Aaron Swartz by Ragesoss, on flickr

Surabaya, 13 Januari 2013
Badan ini masih lelah setap bangun tidur, sepertinya saya harus berolahraga atau memeriksakan diri ke dokter, kondisi pasca-perjalanan di Semarang cukup menghambat aktivitas. Saat bangun tidur tapi belum kuat untuk ngapa-ngapain, yang bisa dilakukan adalah membaca timeline via telepon pintar saya, selain sapaan selamat pagi ada sejumlah kicauan penting muncul seperti protes terhadap pemangkasan masa jabatan komisioner KOMNAS HAM menjadi satu tahun, Bonnie Triyana dari majalah Historia berkicau mendukung (atau mocking) Farrat Abbas menjadi bapak bangsa eh pahlawan proklamator. Berita pagi ini yang bikin sedih adalah Aaron Swartz bunuh diri, gantung diri, pria muda baru berusia 26 tahun, the co-creator of RSS, bergabung dengan Lessig membangun Creative Commons tahun 2002, a hero of the free culture movement. Aaron dituntut oleh pemerintah Amerika Serikat hukuman penjara 35 tahun dan denda jutaan dollar karena perbuatannya nge-hack jutaan jurnal M.I.T untuk disebarkan gratis ke publik, telah menghabiskan banyak dana selama proses hukumnya, dan diduga dia bunuh diri karena tekanan atas tuntutan hukum padanya. Betapa sedih membaca kenyataan ini, seperti sejak Maret 2012 Bassel Khartabil--open source developer--dipenjara, Bassel adalah volunteer to major Internet projects like Creative Commons (www.creativecommons.org), Mozilla Firefox (www.mozilla.org), Wikipedia (www.wikipedia.org), Open Clip Art Library (www.openclipart.org), Fabricatorz (www.fabricatorz.com), dan Sharism (www.sharism.org). seperti yang saya baca di salah satu artikel : "Because destroying the free and open Internet is a very, very smart strategy to save the copyright industry."

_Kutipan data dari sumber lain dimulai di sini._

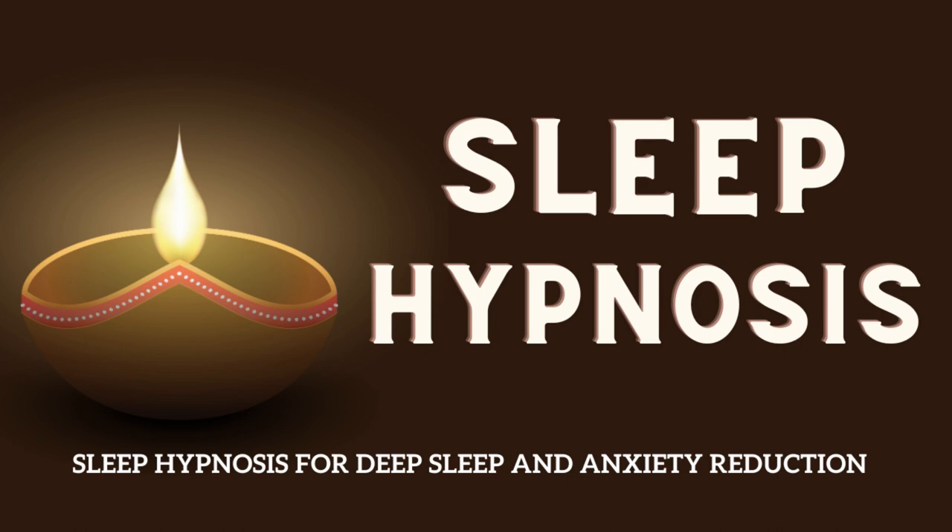In a moment I will count down from five to one. With each number you will feel yourself drifting further into a state of deep relaxation and sleep. Five... four... three... two... one.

Kesedihan Lessig dan kawan kawan seperjuangan lainnya cukup bisa saya rasakan, di lingkungan saya ada sejumlah kawan yang berbuat seperti Aaron, meng-hack situs journal untuk mengakses gratis lalu  menyebarkannya ke publik, bukan untuk keuntungan pribadi melainkan demi publik, masyarakat berhak atas pengetahuan, sudah tidak relevan lagi universitas (dan lembaga penelitian lainnya) mengunci hasil hasil penelitian mereka, masyarakat harus membayar mahal untuk mengakses pengetahuan. Gerakan Open Source masih belum berasa di Indonesia, setelah saya dan geng c2o library mengikuti Konferensi Creative Commons Asia Pasific, kami tambah gregetan untuk bisa mendorong kampus kampus terutama UNAIR dan ITS yang adalah almamater kami untuk membuka akses journal bagi publik, hasil penelitian hanya menumpuk berdebu di perpustakaan dan server mereka, pengetahuan harus dibebaskan! Tanggal 28 Januari 2013 mendatang kami akan mengikuti seminar nasional mengenai Open Source di Universitas Kristen Petra yang memang sudah lebih maju secara pemikiran pengarsipan ketimbang almamater kami. 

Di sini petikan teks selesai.